1. You had to have personally filed the return, if a Substitute for Return or SFR was filed, that tax year will not qualify.

2. The Tax Return has to have been filed and accessed more than 24 months to filing for bankruptcy. This means the returns were filed AND processed and you were billed for tax debt 24 months before applying for bankruptcy.

Most taxpayers can’t clear those hurtles to have their tax debt discharged, and unfortunately it seems a lot of bankruptcy attorneys will erroneously claim tax debt can universally be removed.
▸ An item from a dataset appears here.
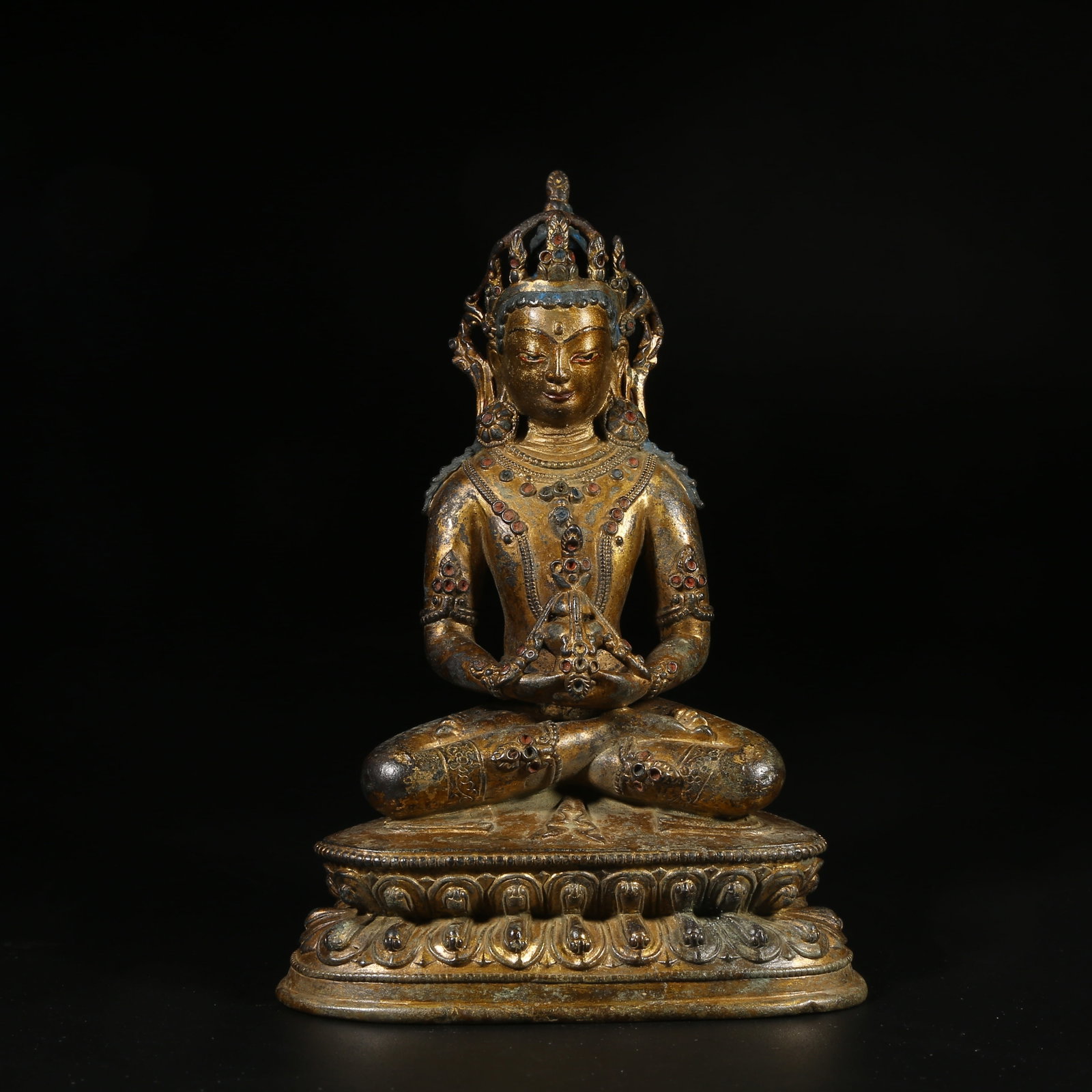 A GILT-BRONZE STATUE OF AMITAYUS: Gilt-Bronze Statue of Amitayus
And about the “typical IRS response,” if the person you spoke with had the, “Yeah right, you owe it” attitude, that’s the culture of the organization. Typically, the Taxpayer does owe the IRS, and this makes them particularly difficult to communicate with.

If you want a real solution to your tax debt, hire a tax debt professional. Call 1-888-415-1337 or fill out the submission form to get real answers to your tax problems.

Wednesday, July 1, 2009

Solve Your Tax Debt: See if you Qualify for an Offer in Compromise

Settle Down: If you have a tax debt and are in need of settling, you have a few options available to you. Most taxpayers are not able to pay off their debt in full. If this is your case, and you are unable to pay the IRS through an Installment Agreement, an Offer in Compromise (OIC) may be an option.

Last Resort:
An Offer in Compromise is an agreement between you and the IRS that resolves tax debt by settling or compromising for less than full payment. An OIC is only considered after all other payment options have been exhausted. This means that you have sorted through the requirements of the other plans and find that you don’t qualify, or you can’t make the payments.

The Choice is Yours: In order to initiate the process; you must file the all the forms, and submit the non-refundable $150 application fee and 20% initial payment. It’s in your hands and it’s not easy. Acceptance into the program is stringent; the IRS rarely accepts any offers. So it’s important that, if you are applying for the program, you are sure it is one of your final options. Otherwise you could end up wasting time, and money. Also, if your offer is rejected, the IRS uses the information you sent to levy any account that your name is attached to.


The Equation: Basically an OIC is your ability to pay vs. the IRS’ ability to collect.
Ask yourself this question: if the IRS were to take everything from you (your wages, your assets, your available credit, etc.) would that satisfy the debt? If the answer is no then you may just qualify. However, keep in mind that the IRS has a very specific formula for determining your ability to pay.

Big Picture:
The entire process of an OIC may take up to two years just to get accepted, and during that time your debt continues to grow. Remember that almost all Offer in Compromise cases are rejected by the IRS. Speak to a tax professional and make sure that you can qualify; otherwise you may wind up in an even worse situation.